> _Exercise brief_: Output the exact lines that start at the one containing "Interior of Fusion" and continue to the last line of the entries below; do not output pictures.

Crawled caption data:
Segment Open

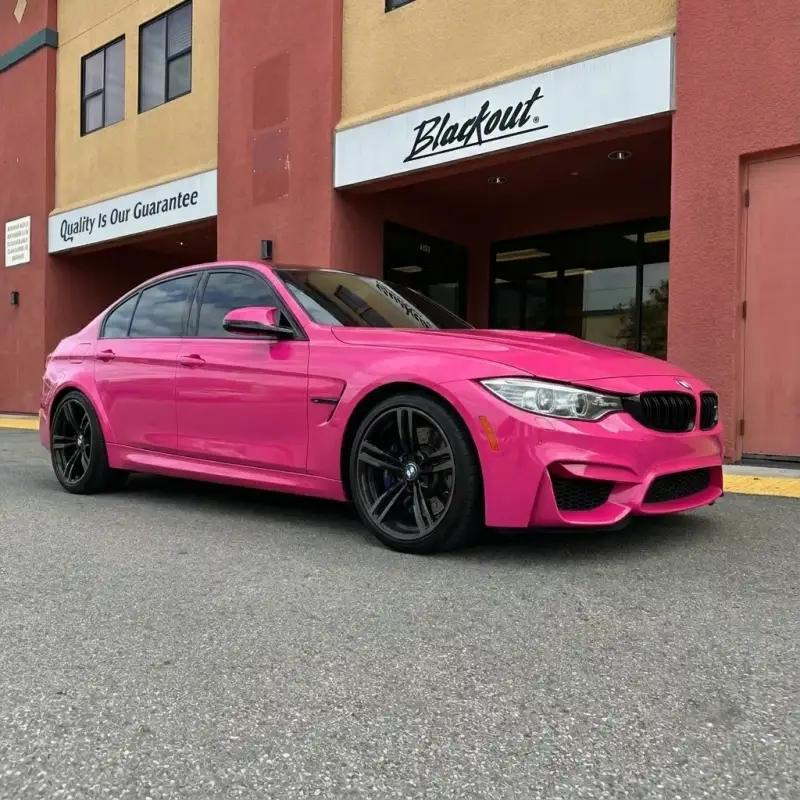 TeckWrap vinyl installation at Blackout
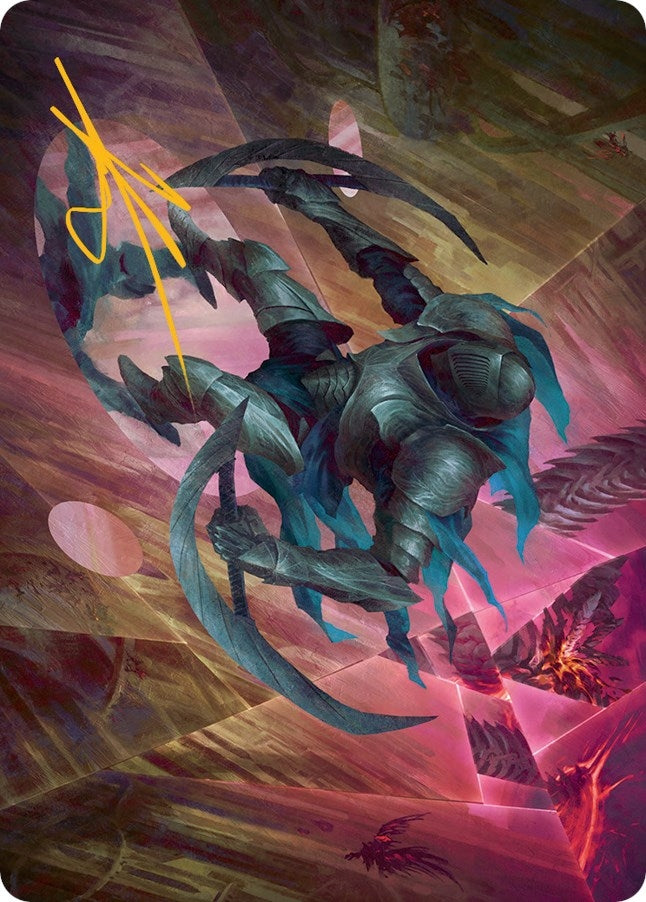 Image for Xerex Strobe-Knight Art Card(Gold-Stamped Signature) (20) [Art Series: March of the Machine]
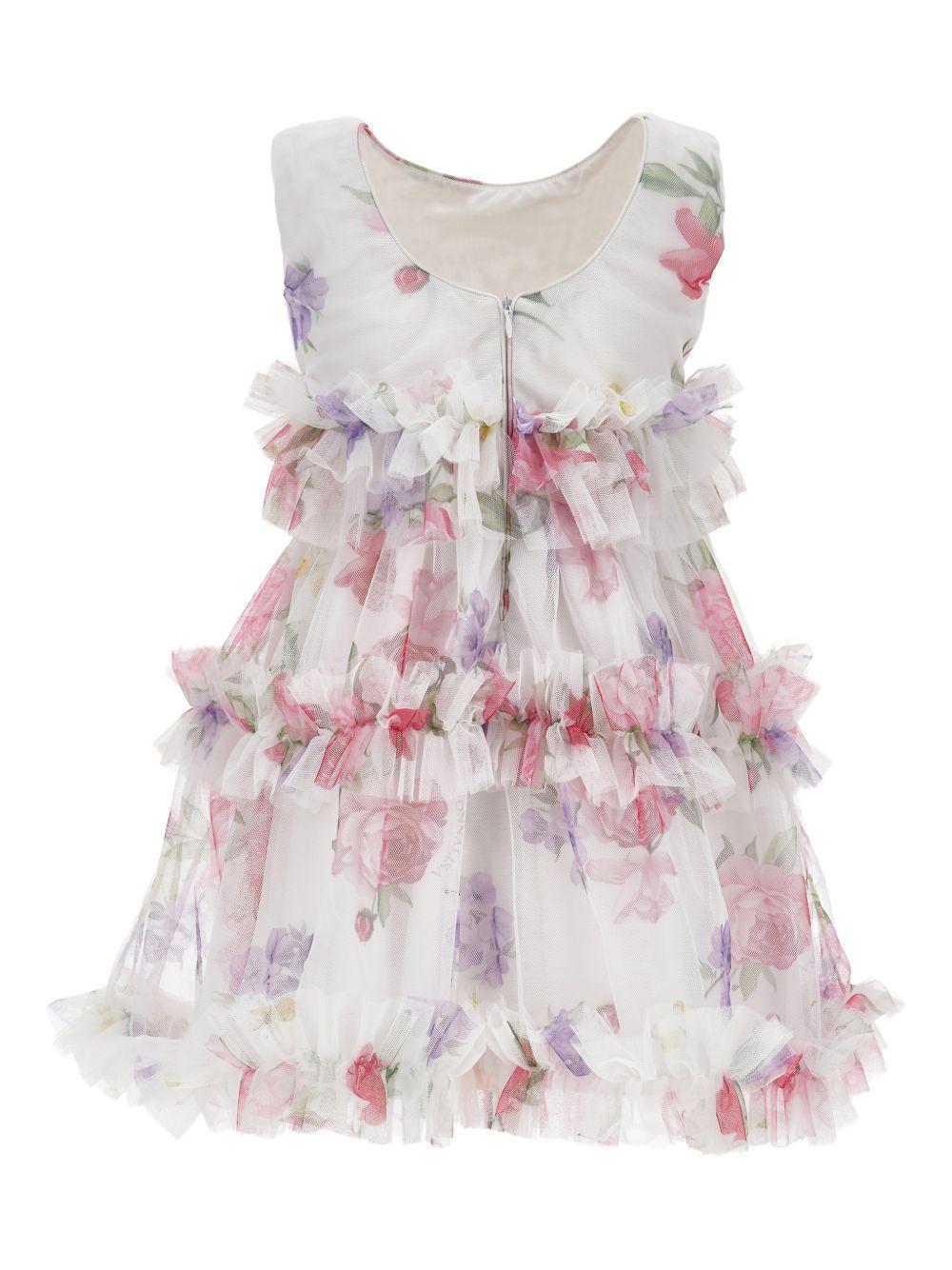 Abito bianco/multicolor per bambino 19G9057047 0099 Monnalisa Kids 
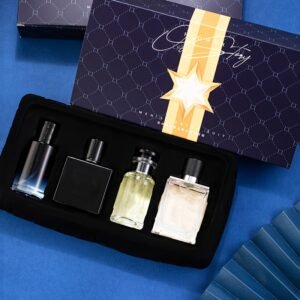 The Men'S Starry Night Gift Set Features Four Unique Fragrances, Catering to Various Preferences. The Beautifully Packaged Gift Box Offers Long-Lasting Scents, Making It an Ideal Choice for Men of All Ages for Valentine'S Day, Birthdays, Gifts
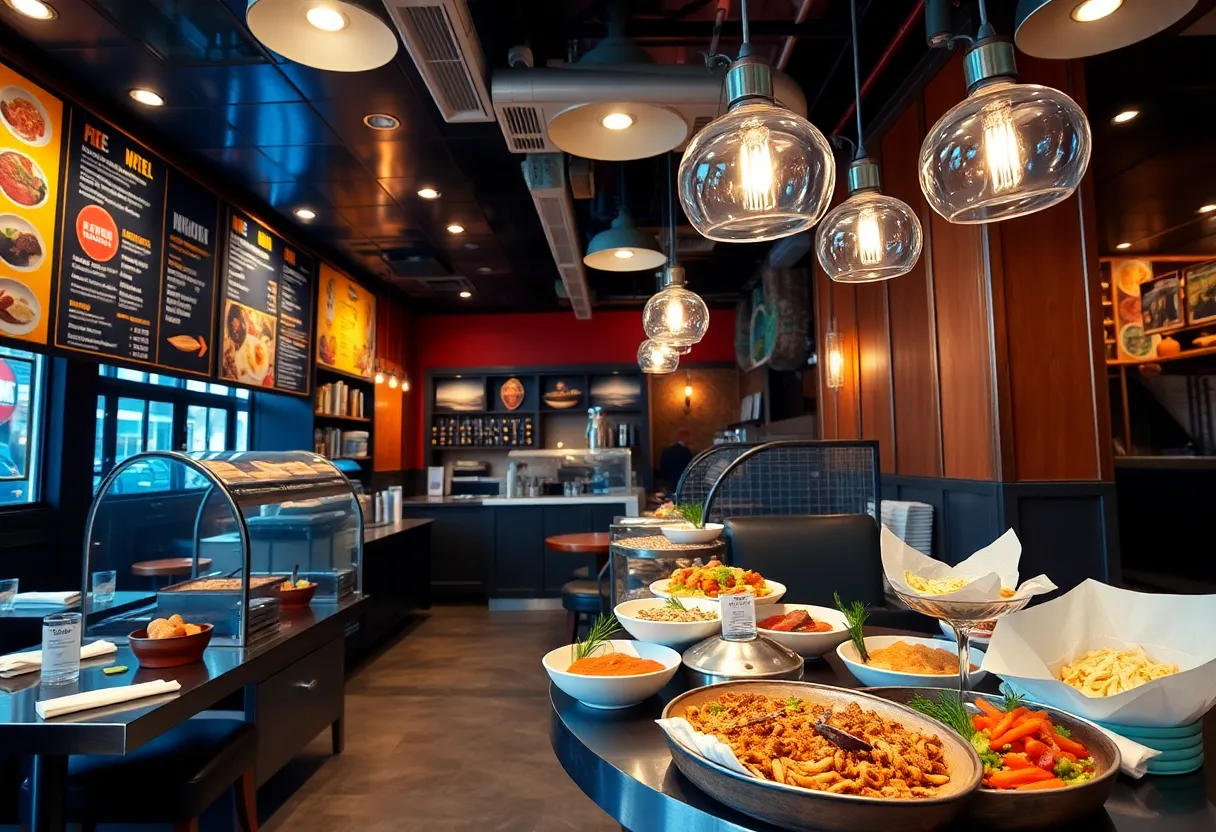 Interior of Fusion Bistro Experience restaurant in Shreveport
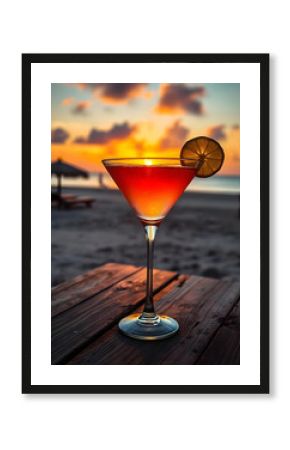 cocktail on the beach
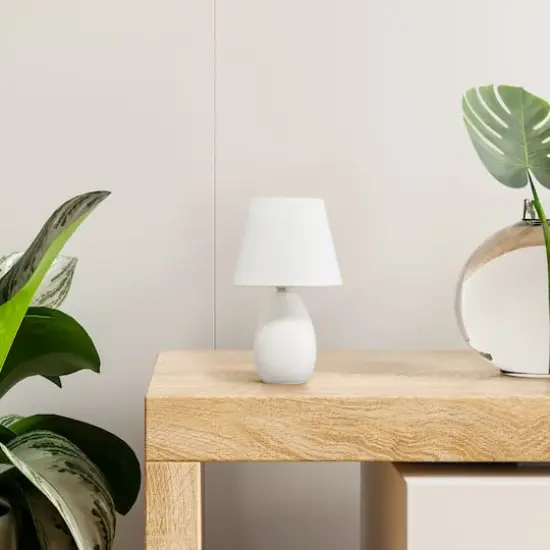 Creekwood Home Nauru 9.5" Petite Oblong Table Lamp {3}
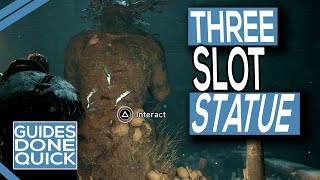 How To Activate The Three Slot Statue In Assassins Creed Valhalla [upl. by Altheta138]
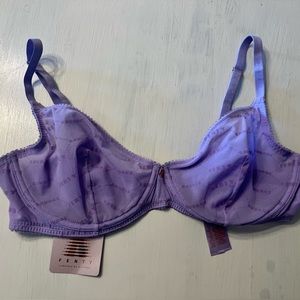 Lavender Savage X Fenty Unlined Bra - 36D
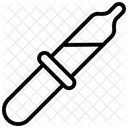 Pipette Black Outline Icon 아이콘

Segment Closed

> _Solution to this problem_:
 Interior of Fusion Bistro Experience restaurant in Shreveport
 cocktail on the beach
 Creekwood Home Nauru 9.5" Petite Oblong Table Lamp {3}
 How To Activate The Three Slot Statue In Assassins Creed Valhalla [upl. by Altheta138]
 Lavender Savage X Fenty Unlined Bra - 36D
 Pipette Black Outline Icon 아이콘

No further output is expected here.